Ne yazık ki Sphrantzes ölmeyi çok istemesine rağmen ölmedi ve 1477 yılına
kadar, yani Greklerin tamamen Osmanlı egemenliğine girdiğini görene kadar
yaşadı.
İmparator Konstantin, sonraki yıllarda Grek ruhunda Bizans’ın yitip gitmiş
görkemine duyulan bir özlem odağı ve Grek popüler kültüründe bir tür Kral
Arthur figürü haline geldi. Kehanete göre şimdi mezarında uyuyan kral bir gün,
eski Bizans komutanlarının zafer girişi yaptığı yaldızlı kapı’dan girecek ve
Türkleri doğuya, Kızıl elma ağacının olduğu yere kadar kovalayıp
Konstantinopol’ü geri alacaktı. Bu tür kehanetleri kendisi de işitmiş olan
Fatih Yaldızlı Kapı’yı ördürüp kapattırdı.
Bugün Bizans ruhunun en fazla yaşatıldığı yerin muhtemelen İmparator
Konstantin’in bir zamanlar Mora despotluğu yaptığı küçük ortaçağ kenti olan
Mistra olduğu söylenir. Her sokak lambasının direğinde bulunan çift başlı
kartal amblemiyle, Dukas’tan bir alıntının yazılı olduğu mermer bir fonun
önünde duran ve elinde kılıcıyla imanı savunurken betimlenen Konstantin
heykeliyle, bu küçük kentin hala da Bizans ruhunun mihrabı olduğunu düşünür
kimileri.
Bizans savunmasının efsane kumandanı Justinyani
Khios’a dönmeyi başardı. Ama fazla yaşamadı. Başpiskopos Leonard’ın ifadesiyle
ya aldığı yaradan ya da hemen hemen herkes tarafından son yenilgiden sorumlu
tutulmakla kaybettiği itibarın acısıyla orada öldü. Şimdi kayıp olan mezar
kitabesinde şunlar yazıyordu:
“Burada Konstantinopolis’in düşmesi ve Doğulu Hıristiyanların son imparatoru ve cesur önder, çok latif Konstantinus’un Türk Hükümdarı Mehmet’in elinde can vermesi sırasında aldığı ölümcül yara nedeniyle 8 ağustos 1453’te ölen büyük adam Ceneviz ve Khios soylusu Giovanni Giustiniani yatar”

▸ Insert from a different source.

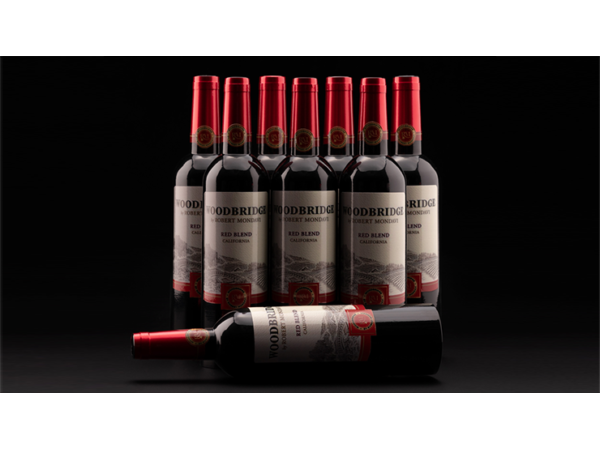 Skybridge Multiplying Wine Bottles by Tora Magic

“Burada Konstantinopolis’in düşmesi ve Doğulu Hıristiyanların son imparatoru ve cesur önder, çok latif Konstantinus’un Türk Hükümdarı Mehmet’in elinde can vermesi sırasında aldığı ölümcül yara nedeniyle 8 ağustos 1453’te ölen büyük adam Ceneviz ve Khios soylusu Giovanni Giustiniani yatar”
-SON-
Naci Adıgüzel
Fetih masalları ve gerçekler yazı dizisinin
sonu
Hikaye burada bitiyor. Son olarak
şunu belirtmekte yarar var. Ne kadar objektif olmaya çalışırsanız çalışın,
özellikle konu tarihse, yazdıklarınızın belirli bir subjektiviteden
beslenmemesine imkan yok. Çünkü spekülasyonlardan örülü bir patikada
yürüyorsunuz. Yapabileceğiniz en fazla, olan biteni gerçeğe
yaklaştırabilmektir. Sanırım çapraz sorgulamalarla ve farklı kaynakların
ortaklaştığı noktaların bulunmasıyla yazılan bir çok şey gerçekle buluştu.
Diğerlerinin de gerçeğe değdiğini ya da ona yaklaştığını sanıyorum.
Okuyan, ilgi
gösteren herkese sonsuz teşekkürler.